Some years ago, I adopted my first son from Korea. His name was David, and he was five months old when he arrived. This did not stop some otherwise sophisticated friends from volunteering that David would no doubt be a good student. Probably a mathematician, they opined, with a tone that uncomfortably straddled jest and prediction. I tried to take it all with good humor, this idea that a five-month-old who could not yet sit up, speak a word, or control his bowels was already destined for academic greatness. Even his major seemed foreordained.
Several months after David arrived home, he and I entered a small mom-and-pop convenience store in our neighborhood. The owners were Korean. I noticed that the husband, who was standing behind the cash register, was eyeing my son.
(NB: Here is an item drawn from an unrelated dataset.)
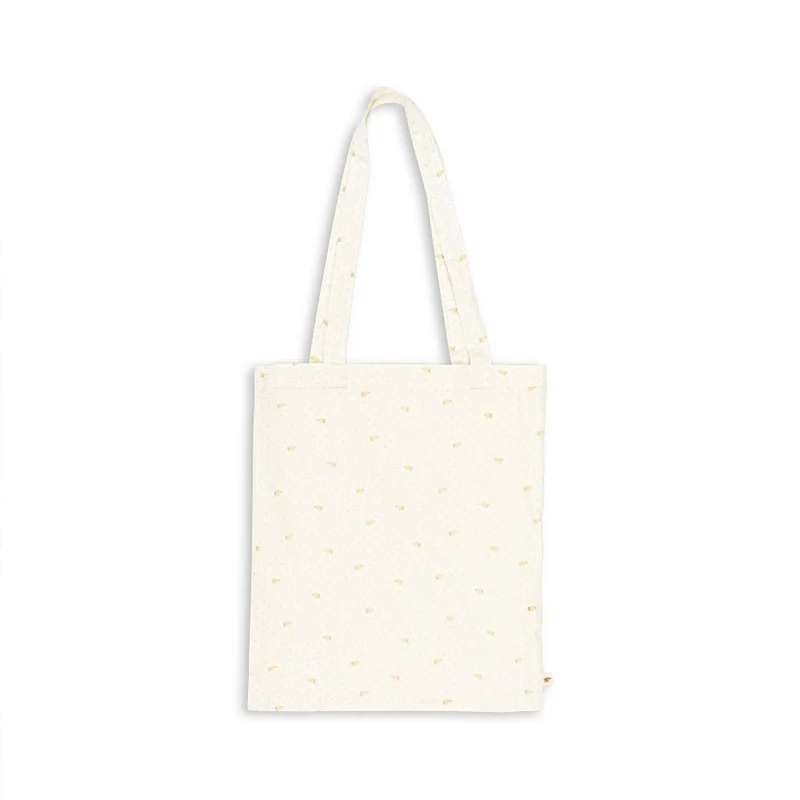 Junior-Bettwäsche Lemon Dot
“Is he Korean?” he asked. “Yes,” I nodded. He reached out for the baby and took my son into his arms. “He’ll be good in math,” declared the man. “My God,” I muttered to myself. Not him, too!
It was preposterous. It was funny. And it was unnerving. Embedded in such elevated expectations were real threats to my son. Suppose, I wondered, he should turn out to be only a mediocre student, or, worse yet, not a student at all. I resented the stereotypes and saw them for what they were, the other side of the coin of racism. It is easy to delude oneself into thinking it harmless to offer racial compliments, but that is an inherent contradiction in terms. Such sweeping descriptions, be they negative or positive, deny the one thing most precious to all people — individuality.
Such stereotypes also place a crushing burden on Asians. Few would deny that disproportionate numbers of Asian surnames appear each year among the winners of the Westinghouse science prizes or in the ranks of National Merit Scholars. But it might be a reflection of parental influences, personal commitment, and cultural predilections, not genetic predisposition. A decade ago, as a Fulbright Lecturer in Beijing, I saw firsthand the staggering hours my Chinese students devoted to their studies. Were my students in the United States to invest similar time in their books, I would have every reason to expect similar results.
My son David is now in the first grade. He is already taking math with the second-graders and asking me about square roots and percentiles. I think back to the Korean merchant who took him in his arms and pronounced him a math whiz. Was he right? Do Asians have it easier, endowed with some special strand of DNA? The answer is a resounding no. Especially in our house. David has learning disabilities to overcome, and what progress he has made is individual in the purest and most heroic sense. No one can or should take that away from him, suggesting that he is just another wunderkind belonging to a favored race.
A year after my first son arrived, we adopted his brother from Korea. His name is Matthew. Let it be known that Matthew couldn’t care less about math. He’s a bug man. Slugs and earthworms. I suspect he will never be featured in any cover stories about Asian-American whiz kids, but I will continue to resist anything and anyone who attempts to dictate either his interests or his abilities based on race or place of birth. Bugs are fine by me and should be more than fine by him.